The Lawyer Who Will Not Be Named had an idea for a video game this past October, challenging a "video game company" to actually create his twisted concept. The "winner" gets to decide which charity will receive the $10,000 bounty. It involved a 14-year old boy armed with a baseball bat and various other weapons of minor destruction engaging in a sadistic rampage, killing, and urinating on his victims. The challenge has been met, and it's great!

A beautiful rendition of The Lawyer Who Will Not Be Named's bizarre fantasy is done in carefully rendered, wonderfully animated sprites! Not only is it a treasure to see in action, but the music is quite catchy, too.

Sadly, the game is free, offending one of the proposal's stated requirements. If you enjoy old-school action platformers, with copious amounts of flowing bitmapped urine, download this NOW.

I'm O.K.: The Video Game That Lets You Crush Dog Skulls, Shoot Children With Sniper Rifles, and So Much More [Thompsonsoft]

(The full game concept is after the jump, just so you know what you're getting yourself into.)

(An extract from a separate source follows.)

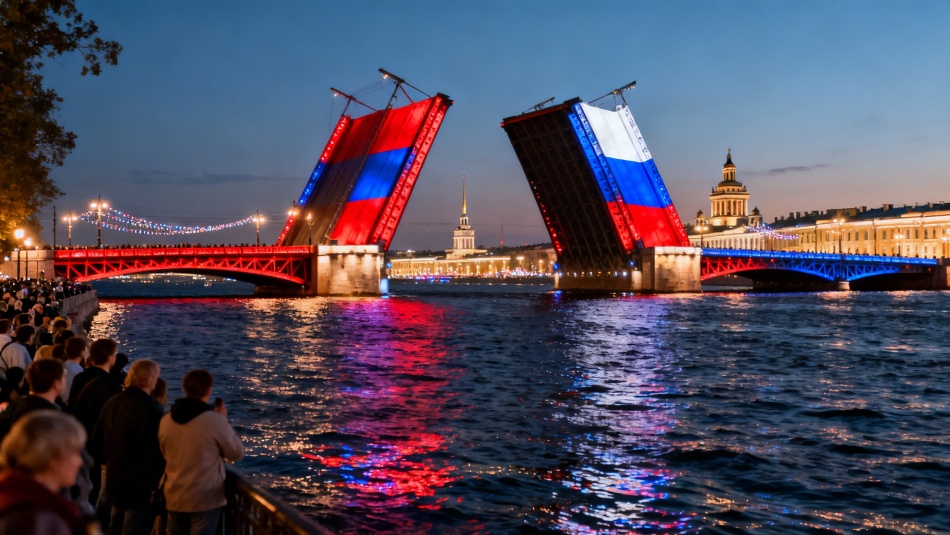 Три моста Петербурга засияют цветами флага России к 8 Марта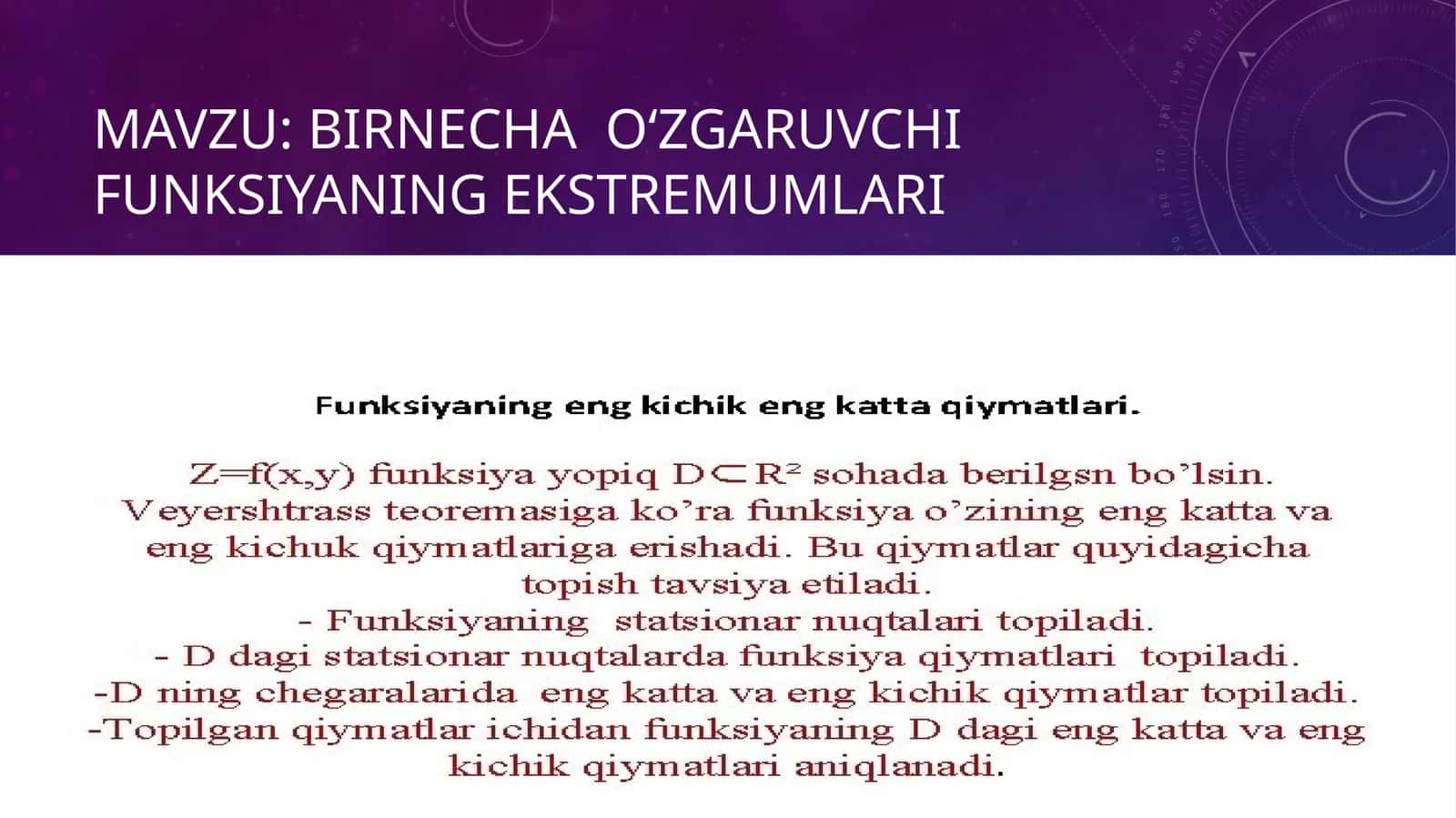 Birnechao‘zgaruvchi funksiyaningekstremUmlari 1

The proposal for The Lawyer Who Will Not Be Named's video game:

The video game industry says Sticks and stones can break my bones, but games can never hurt me. Fine. I have a modest proposal for the video game industry. I'll write a check for $10,000 to the favorite charity of Take-Two Interactive Software, Inc's chairman, Paul Eibeler - a man Bernard Goldberg ranks as #43 in his book 100 People Who Are Screwing Up America - if any video game company will create, manufacture, distribute, and sell a video game in 2006 like the following:

Osaki Kim is the father of a high school boy beaten to death with a baseball bat by a 14-year-old gamer. The killer obsessively played a violent video game in which one of the favored ways of killing is with a bat. The opening scene, before the interactive game play begins, is the Los Angeles courtroom in which the killer is sentenced "only" to life in prison after the judge and the jury have heard experts explain the connection between the game and the murder.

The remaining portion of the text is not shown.